General information
- Type: Dual control trainer glider
- National origin: Italy
- Manufacturer: Aeronautica Bonomi
- Designer: Camillo Silva
- Number built: 6

History
- First flight: 1935

= Bonomi BS.24 Biposto Roma =

The Bonomi BS.24 Biposto Rome (Rome two-seater) was an Italian dual control trainer designed for club use. Six were built in the mid-1930s.

==Design and development==

Camillo Silva designed numerous gliders for Aeronautica Bonomi, but only two of them, the BS.14 Astore and the Biposto Roma were two seaters. When the company started out in 1931, early glider training used single seat primary gliders and the absence of an experienced pilot on board resulted, in England at least, in many injuries and closure of gliding clubs. By 1935 Italian gliding clubs felt a need for dual control aircraft, with good enough performance to take pupils to their C certificates. They were the Biposto Roma's target market.
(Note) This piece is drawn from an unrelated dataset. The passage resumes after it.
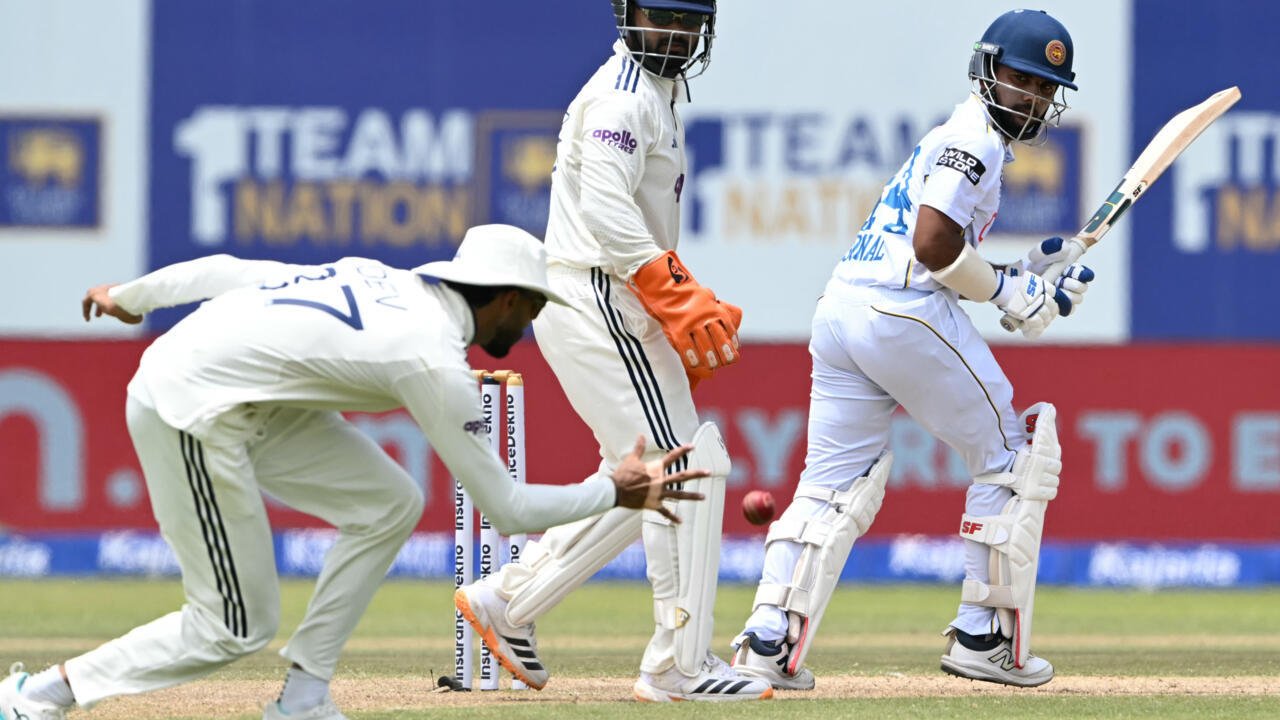 India take control of Galle Test as Sri Lanka slump to 99-5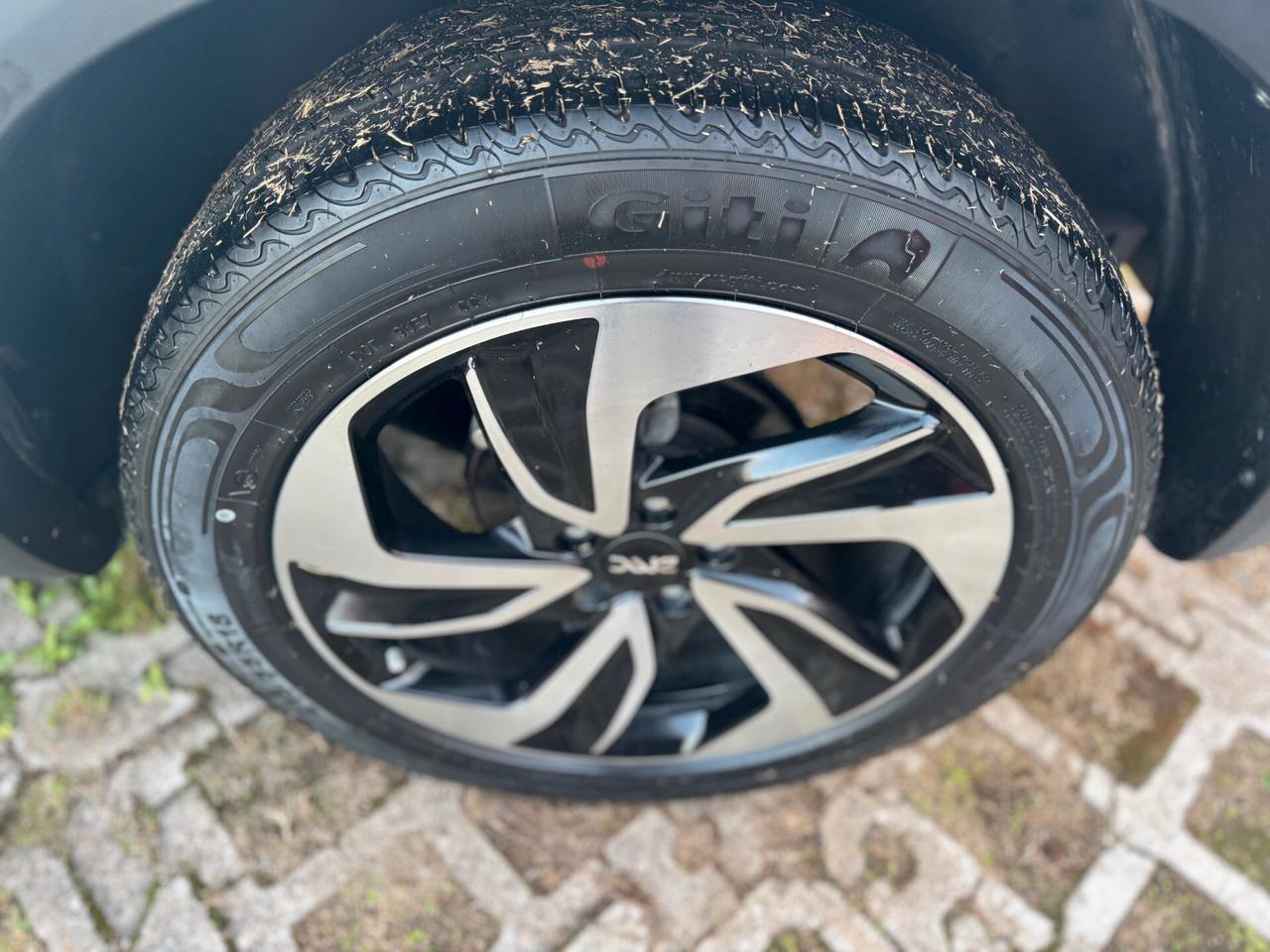 Emc Wave 3 1.5T 113cv MT Benzina/GPL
Despite the partial overlap in names between the Biposto Roma and the earlier BS.12 Roma they had little else in common. In plan, about half of the span of the BS.24's wing was unswept and had constant chord; the outer panels were straight tapered to rounded tips. Ailerons occupied all the trailing edges of these outer panels. There was no dihedral. The wing centre was mounted high above the fuselage on steel struts; in several of his designs Silva had used a cross braced trapezoidal frame for this purpose but the second cockpit, placed at the centre of gravity (c.g.) under the wing, precluded this and instead there were vertical struts behind each cockpit, one to each wing spar and a third, leaning strut from the rear spar. The ends of the spars of the central, constant chord panels were braced to the lower fuselage longerons, directly under the forward wing spar, by asymmetric V-form, faired steel struts.

The Biposto Roma's fuselage was a wooden, rectangular cross section structure, skinned with plywood. Its two cockpits, both open and unscreened, were in tandem. If the aircraft was flown solo it was piloted from the font seat; the occupation or otherwise of the rear cockpit left the trim little changed as it was on the c.g. Under the fuselage a rubber sprung wooden landing skid ran from forward of the cockpits to well aft of the wing trailing edge. The tailplane was triangular, mounted on top of a short, trapezoidal fin and braced to the top of the fuselage. Its elevators had parallel chord and a central cut-out for the rudder, as this, hinged on the fin's trailing edge, was about twice as high as the tailplane. The rudder was straight edged and reached down to the keel; above the tailplane, it had an aerodynamic balance on its upper leading edge.

==Operational history==
At least five Biposto Romas were used by the Poggio Renatico gliding school.